By Scott (Seamus) Kildall and Michael Ang
Unnatural Language, a collaboration between Michael Ang and Scott Kildall, is a network of electronic organisms (“Datapods”) that create sonic improvisations from physical sensors in the natural environment. Each Datapod has custom electronics connected to sensors, a speaker, and a wireless network. The sensed data, for example from electrodes that measure the subtle electrical variations in the leaves of plants, is transformed into a unique synthesized sound. Encased in sculptural materials (natural fiber, leather, leaves, etc) and dispersed into a natural environment, the Datapods enter into a sonic dialogue with the existing ecosystem of plants and animals.

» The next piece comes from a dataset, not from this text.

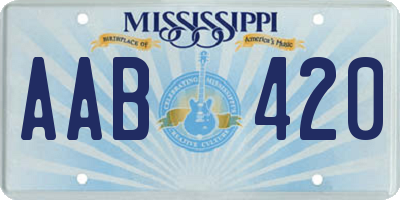 MS license plate AAB420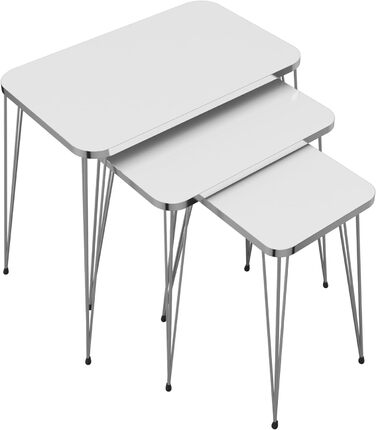 Набір приставних столів Набір гніздових столів Rudkøbing з 3 столів для вітальні з чорним мармуром з квадратною верхньою шпилькою Металевий золотий диванний стіл (білий / сріблястий)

Unnatural Language proposes that technology and nature are forming a new hybrid ecology, where innovations such as intelligent devices that occupy the natural landscape are dissolving the traditional nature-culture dichotomy. This work repurposes this technology to amplify unseen processes such as plant intercommunication, river health and subtle microclimate changes.
We were at Dinacon in Gamboa, Panama for 18 days and this was our first full development and installation of our project. After several adventures in the area, we decided to deploy eight Datapods in Lake Chagras, which feeds the Panama Canal, since this constitutes a transitional space: a brackish marshland, which also had signs of human outflow such as garbage floating in it.
At Dinacon, we developed two types of sensor-synthesizers. The first detected electrical conductivity levels in water and modulated different sampled sounds that we recorded of rocks sinking in water from a hydrophone. As the water quality fluctuated with these sensor readings, the output of the synthesizer played higher and lower-pitched samples accordingly.
For the water-based datapods, we put our speakers, and the electronics, which consisted of custom software synth code on an ESP32 chip with an on-board amp and water sensor onto various garbage flotillas, which we constructed from the litter that we had collected by kayak.
The second sensor-synth combination was a plant sensor, which detected electrical activity in plants using electrodes. Plants tend to respond relatively rapidly (2-3 minutes) in response to various environmental triggers. The synth we developed acted as a drum machine, modulating different tempos according the the plants that it was attached to.
We learned many things at Dinacon! Making a compelling Datapod took much longer than we thought it would. To achieve the best type of synth effect, we recorded humans performing an activity with the thing being sensed: rocks being thrown into water and water being poured through a strainer onto a plant. We then cut these up into bite-sized pieces and ported them into our software, which uses compiled C++ code on the ESP32 to make dynamic effects.
Also, the janky look for the sculptures themselves had a broad appeal and this will be a direction for the project into the future. We’re looking forward to further site-specific installations of Unnatural Language.
Many thanks to all our fabulous co-Dinasaurs for the wonderfully playful and productive atmosphere, and especially to our intrepid film crew (Monika, Ruben, Cherise, and Andy on the drone!)